### Prompt
Beginning with the line containing "fogs stanje 10.05.2022" and ending at the last line of the records, transcribe each line exactly. Do not include pictures.
-- Extracted information follows --
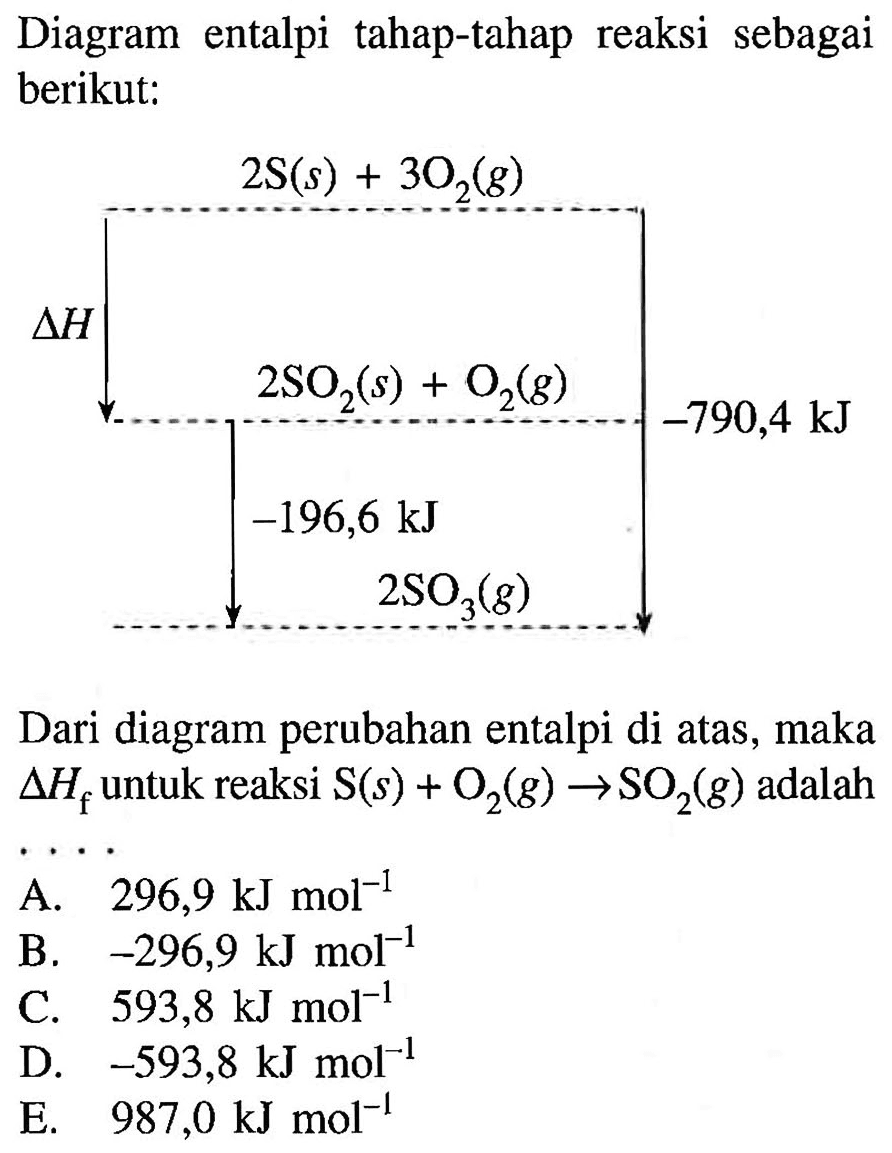 Diagram entalpi tahap-tahap reaksi sebagai berikut: 2S(s) + 3O2(g) Delta 2SO2(s) + O2(g) -790,4 kJ -196,6 kJ 2SO3(g) Dari diagram perubahan entalpi di atas, maka Delta Hf untuk reaksi S(s) + O2(g) -> SO2(g) adalah . . . . 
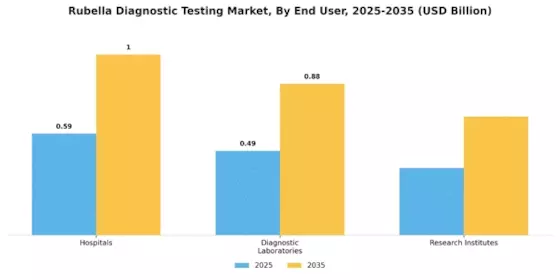 Rubella Diagnostic Testing Market Segment Image 1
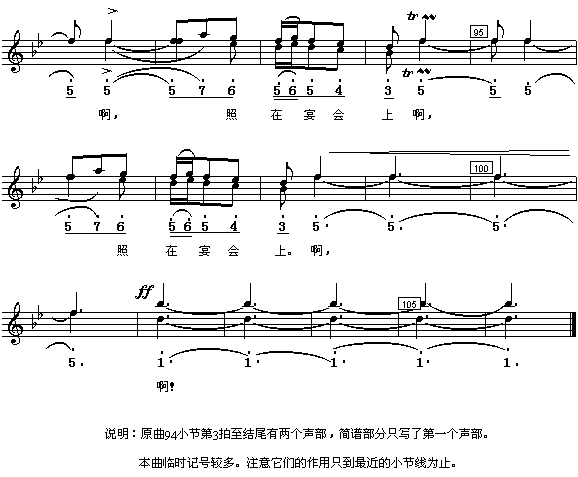 饮酒歌（歌剧《茶花女》选曲）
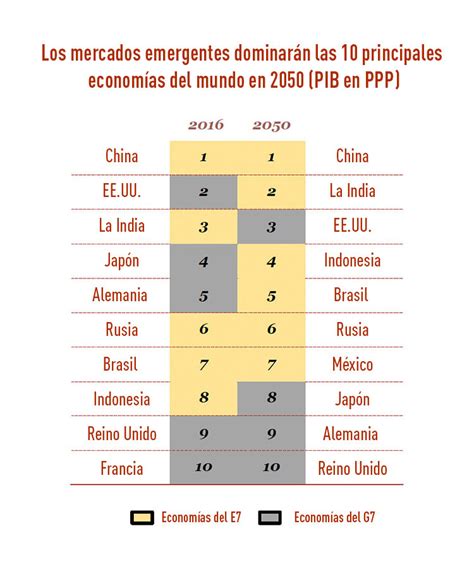 Economía Global En 2050 Ee Uu Baja Y Rusia Lidera Europa Entre Otras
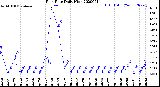 Milwaukee Weather Rain Rate<br>Daily High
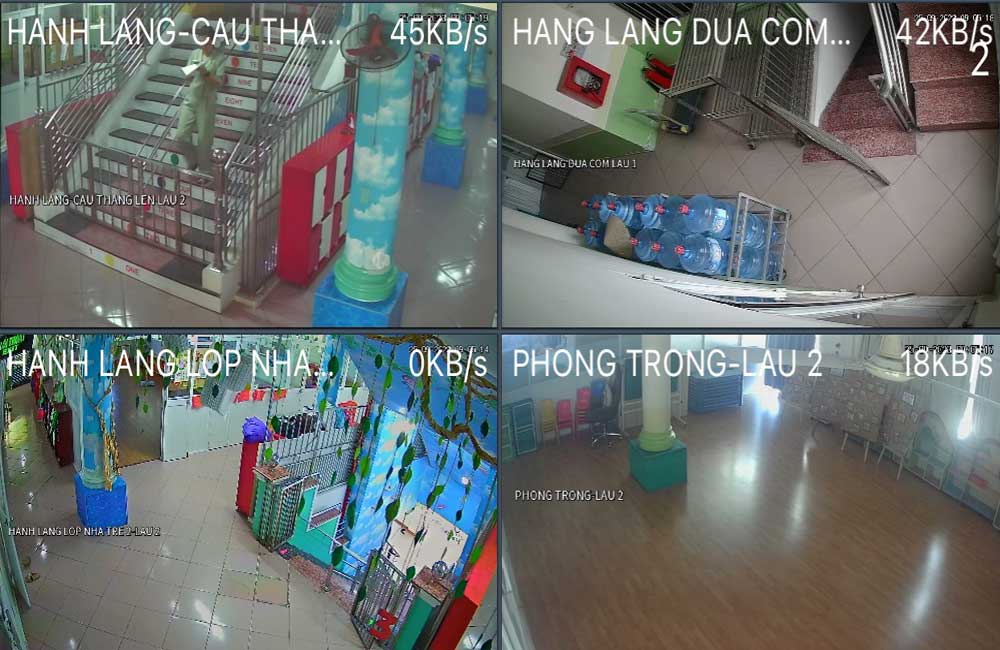 Bộ Camera Gia Đình Sắc Nét Giá Rẻ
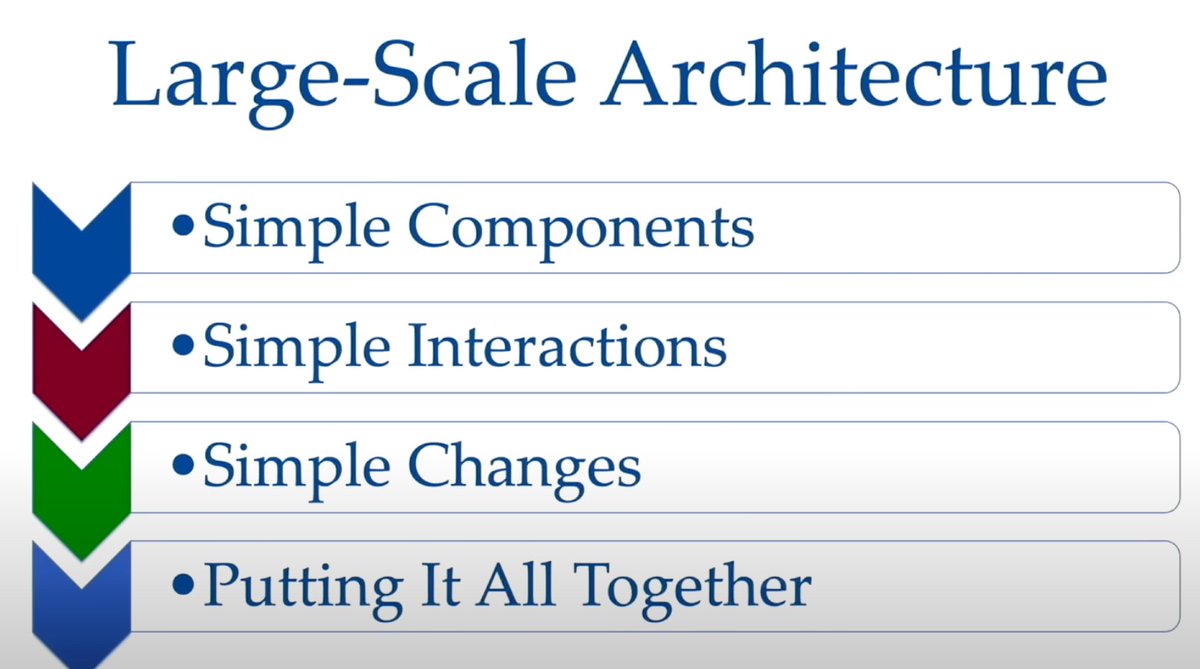 Great talk here by @randyshoup 'Large-Scale Architecture: The Unreasonable Effectiveness of Simplicity' Talking about modular components, domains, evolution, logs, materialized views and async > sync and much more 🎉 Recommend giving it a watch 👇 youtube.com/watch?v=oejXFg…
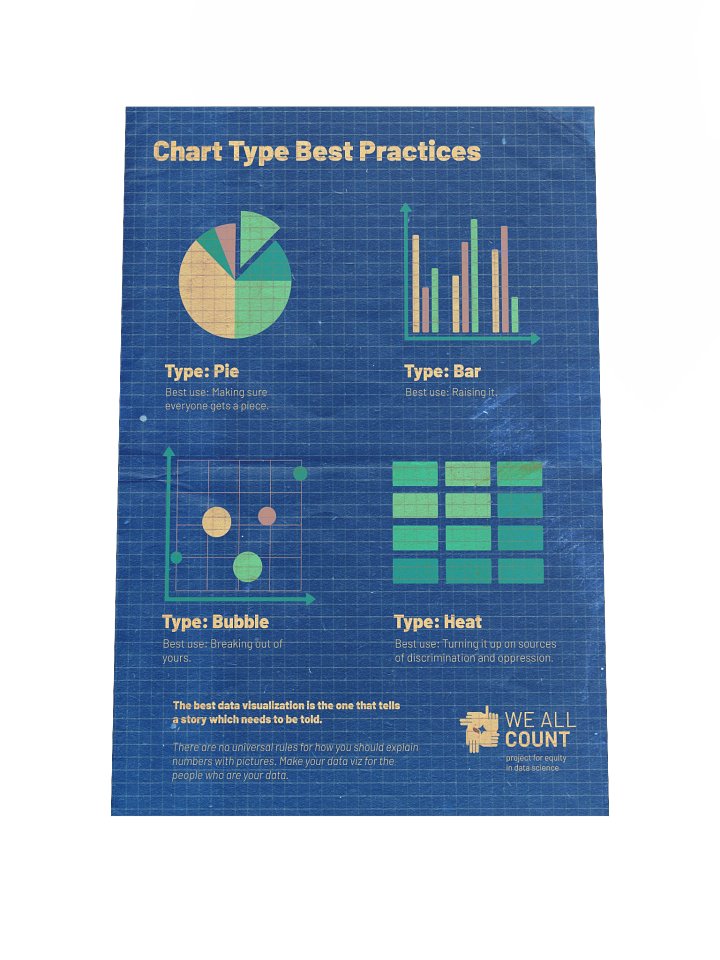 Whose Best Practices product image (1)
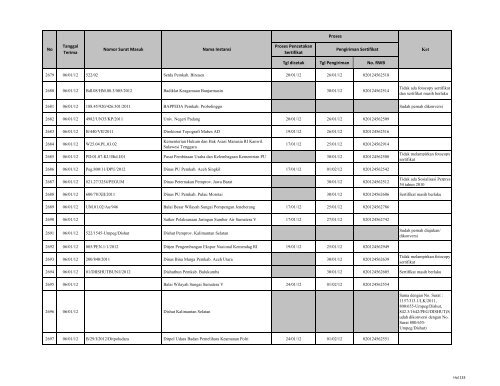 Tgl dicetak Tgl Pengiriman No. RWB Nama Instansi Nomor ... - LKPP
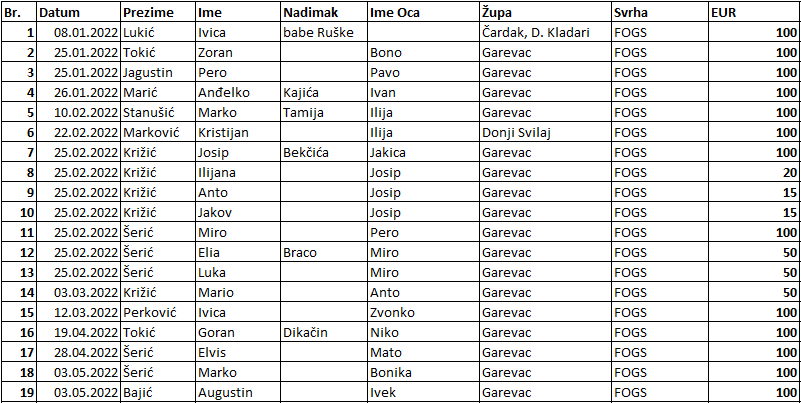 fogs stanje 10.05.2022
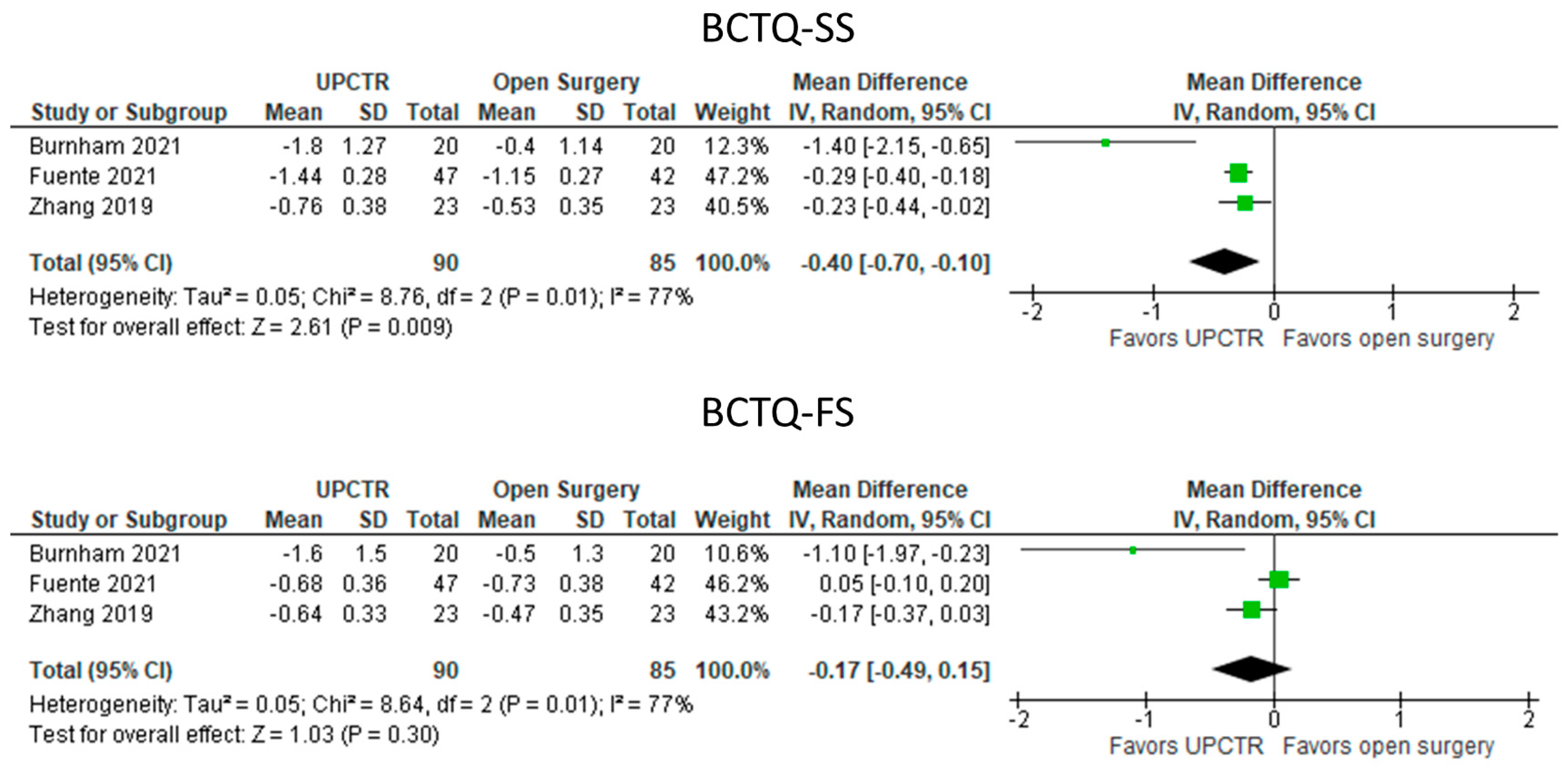 Diagnostics 13 01138 g007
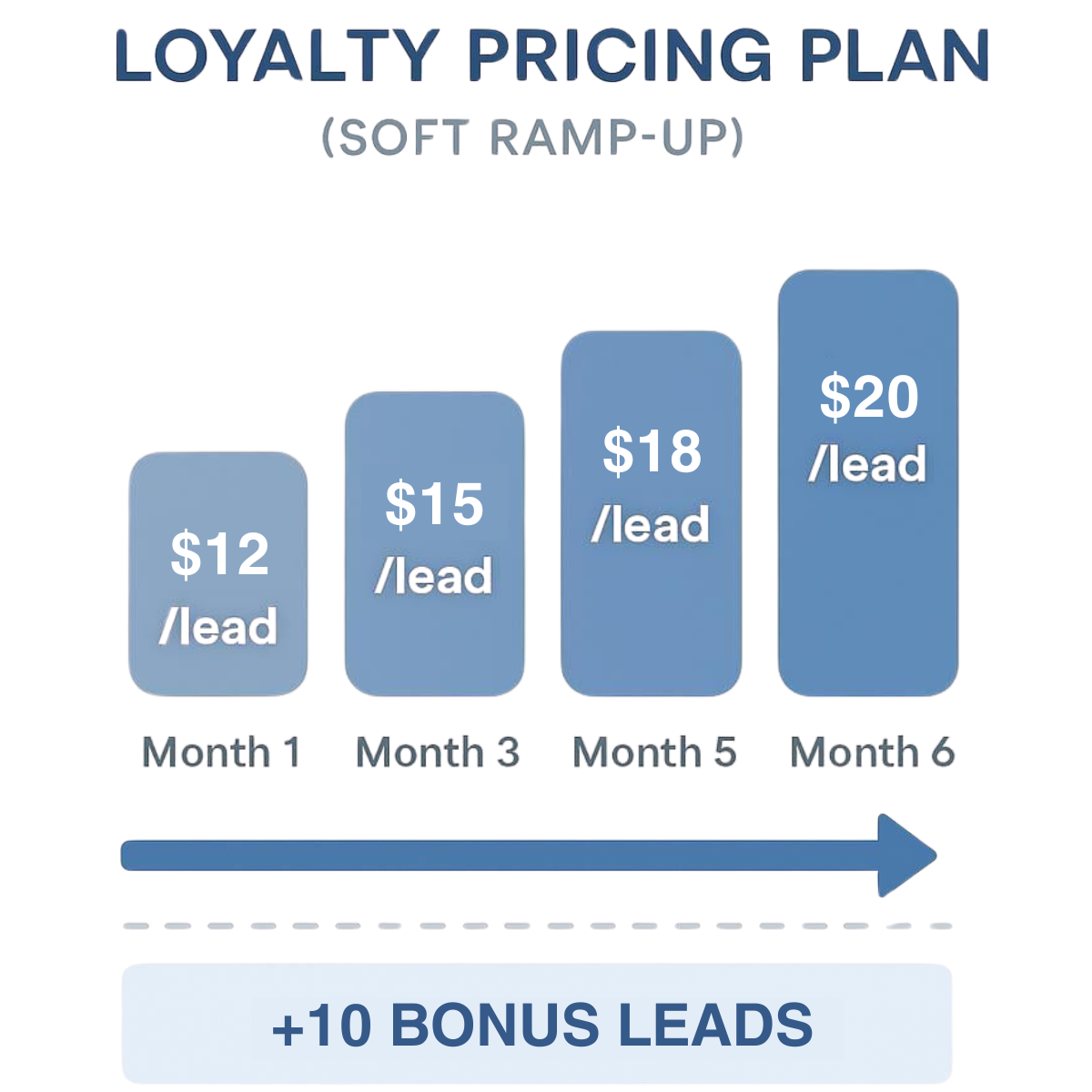Loyalty Pricing Plan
-- Extracted information concluded --
### Answer box
 fogs stanje 10.05.2022
 Diagnostics 13 01138 g007
Loyalty Pricing Plan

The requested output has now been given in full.